レジェ「僕が? 大丈夫だよ、僕はもう朝にいただいてるから」

レジェは執事さんからティーカップを受け取って、はちみつをゆっくりと流しいれていく。

レジェ「はい、どうぞ」

レジェが、私にティーカップを渡してくれた。

○○「いい香り……」

心地のいいその香りに誘われるまま、紅茶を口に運んだ。

はちみつの優しい甘さが口の中に広がっていく。

(なんだか、ほっとする)

○○「とても美味しいです」

レジェ「それはよかった。甘い物は疲れも癒してくれるからね。 緊張してたみたいだったから。少しでも、気持ちが落ち着くといいんだけど」

(気づいてくれてたんだ……)

○○「はい! もう全然大丈夫です」

そう答えると、レジェは柔らかな笑顔を私に向けた。

レジェ「熱いから、気をつけて飲んでね」

○○「はい」

レジェは姿勢よく踵を返すと、執事さんと共に部屋を出て行った。

(レジェって……完璧な王子さまって感じがする)

そんなことを思いながら、ふと窓の外に目を向ける。

(ロイさん……?)

中庭の木の下で、ロイさんが横になっているのが見えた。

ーーーーー

レジェ「僕は嫌われてしまっているようで……」

ーーーーー

(どうしてだろう……)

日はすでに傾き始め、茜色の夕日が優しく中庭を包み込んでいる。

木の下で横になっているロイさんに近づいてみる。

ロイ「……僕に何かご用ですか」

ロイさんが私に気づいて起き上がった。

○○「隣、いいですか?」

ロイ「……どうぞ」

返事をくれたロイさんは、お面でもつけているかのように、無表情のままだ。

○○「あの……レジェ王子のことですが…―」

ロイ「完璧、でしょう?」

私の言葉を遮って、ロイさんが鋭い口調で言葉を投げてきた。

ロイ「雰囲気も、立ち振る舞いも、何もかも。

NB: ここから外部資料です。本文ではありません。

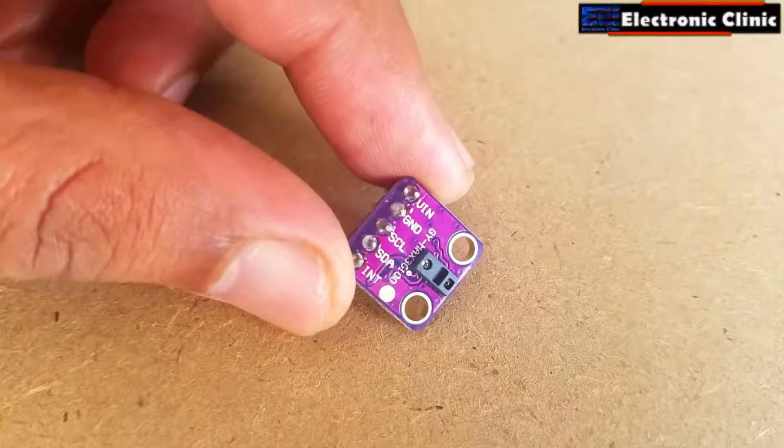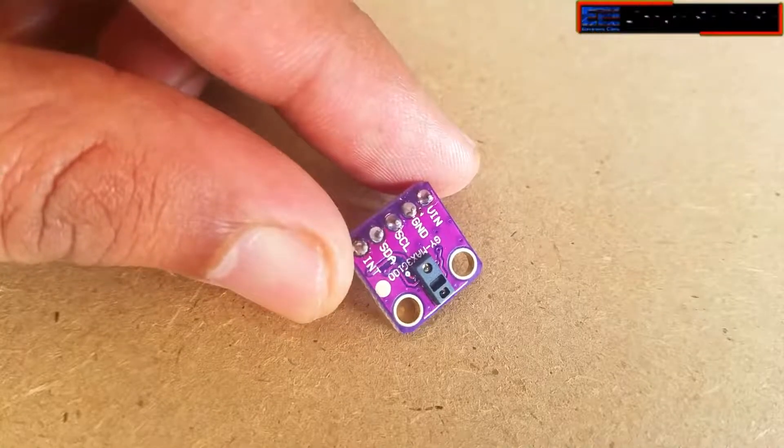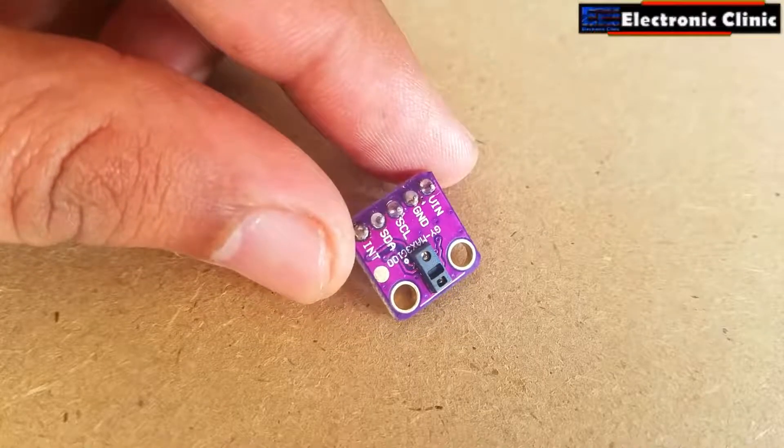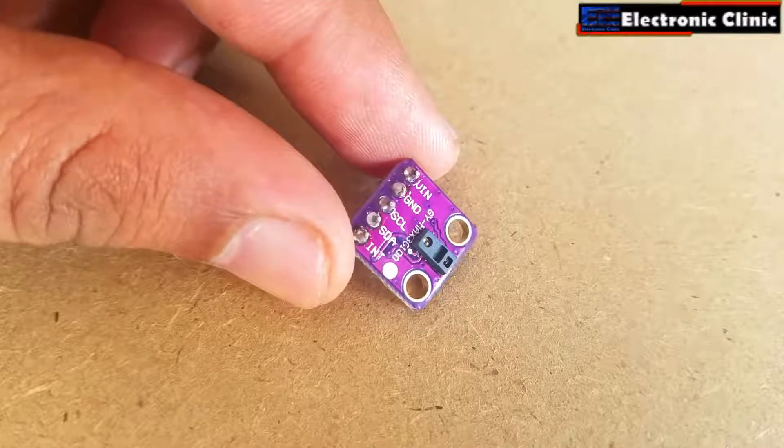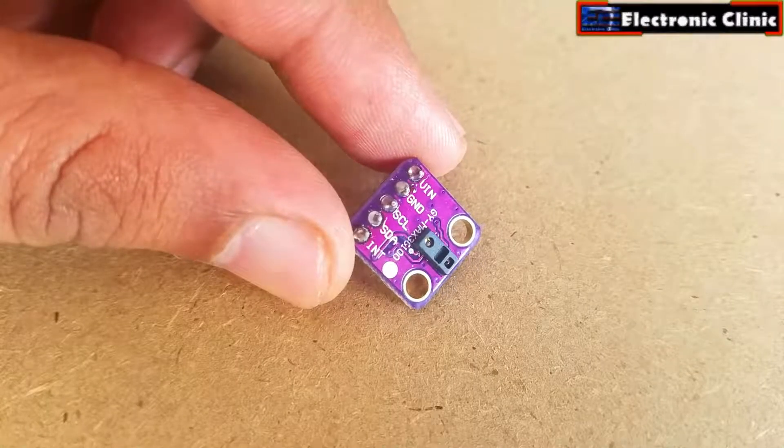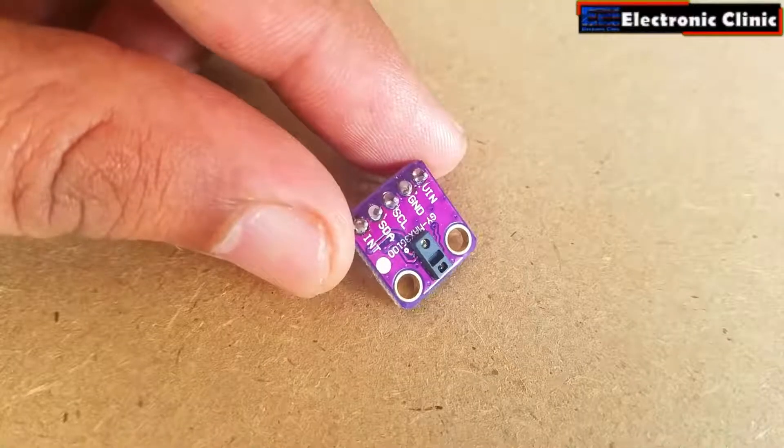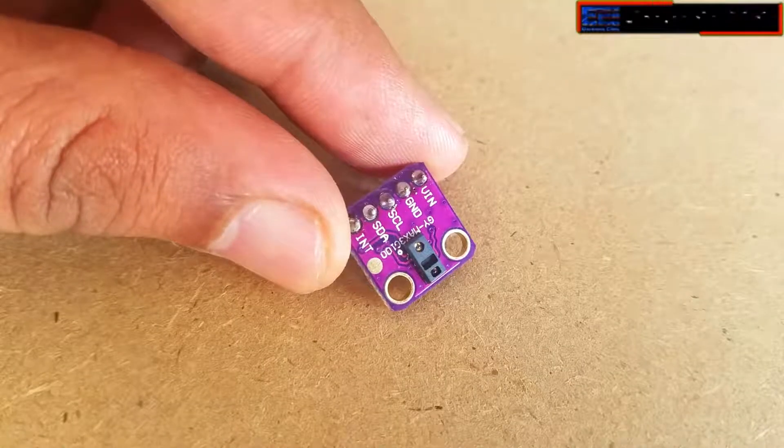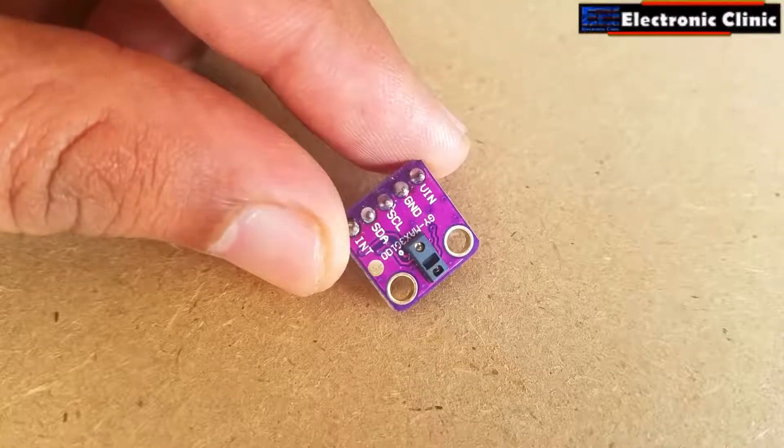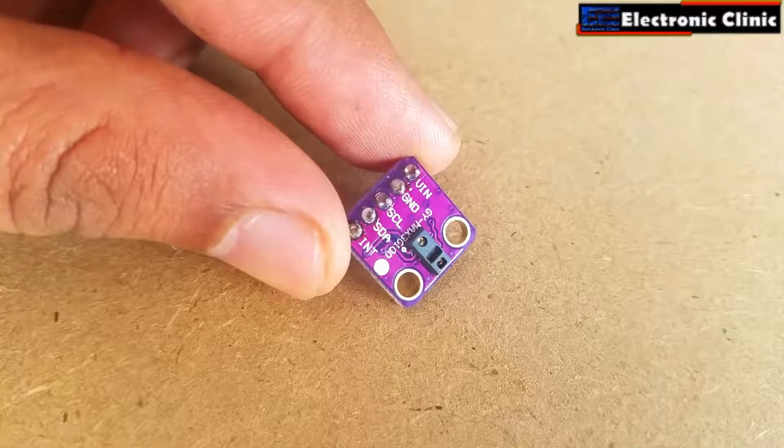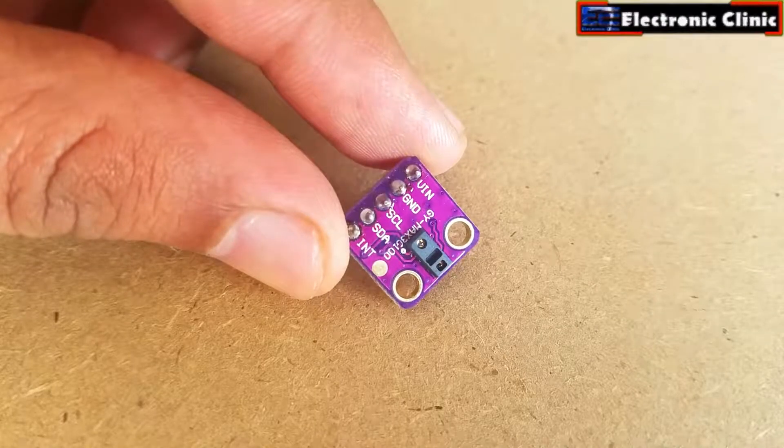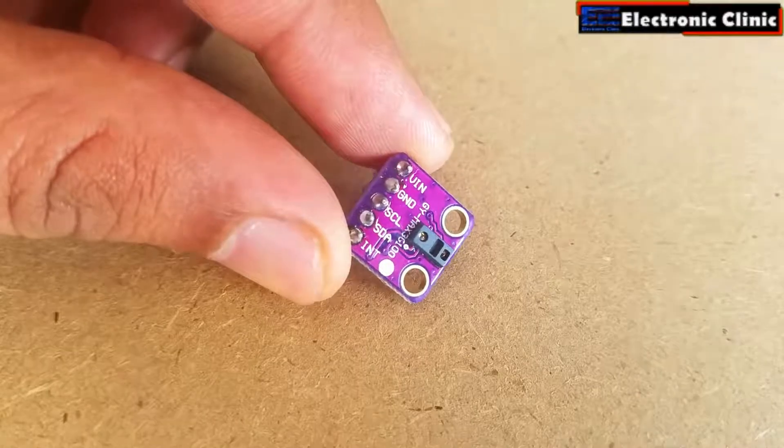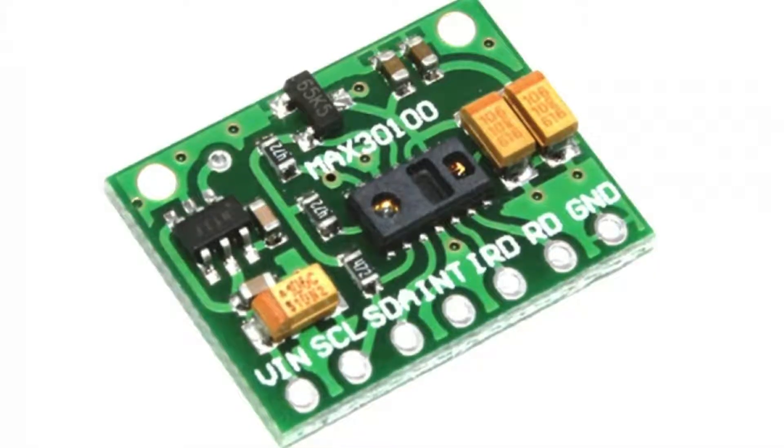The MAX30100 is an integrated pulse oximeter and heart rate monitor sensor solution. It combines two LEDs, a photodetector, optimized optics, and low noise analog signal processing to detect pulse oximetry and heart rate signals.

次期国王にふさわしい、自慢の兄です」

その言葉とは裏腹に、ロイさんの顔は暗い影に縁取られていた。

○○「ロイさん……?」

ロイ「あなたが、兄を目覚めさせたのですよね」

○○「……はい」

ロイ「……少しだけ、あなたを恨んでしまいそうです」

○○「え……?」

ロイさんは私の顔を見ないまま、城へと戻っていった。

(どういう意味……?)

私は一人、刻々と色を濃くしていく夕焼けに、夜の気配を感じていた…―。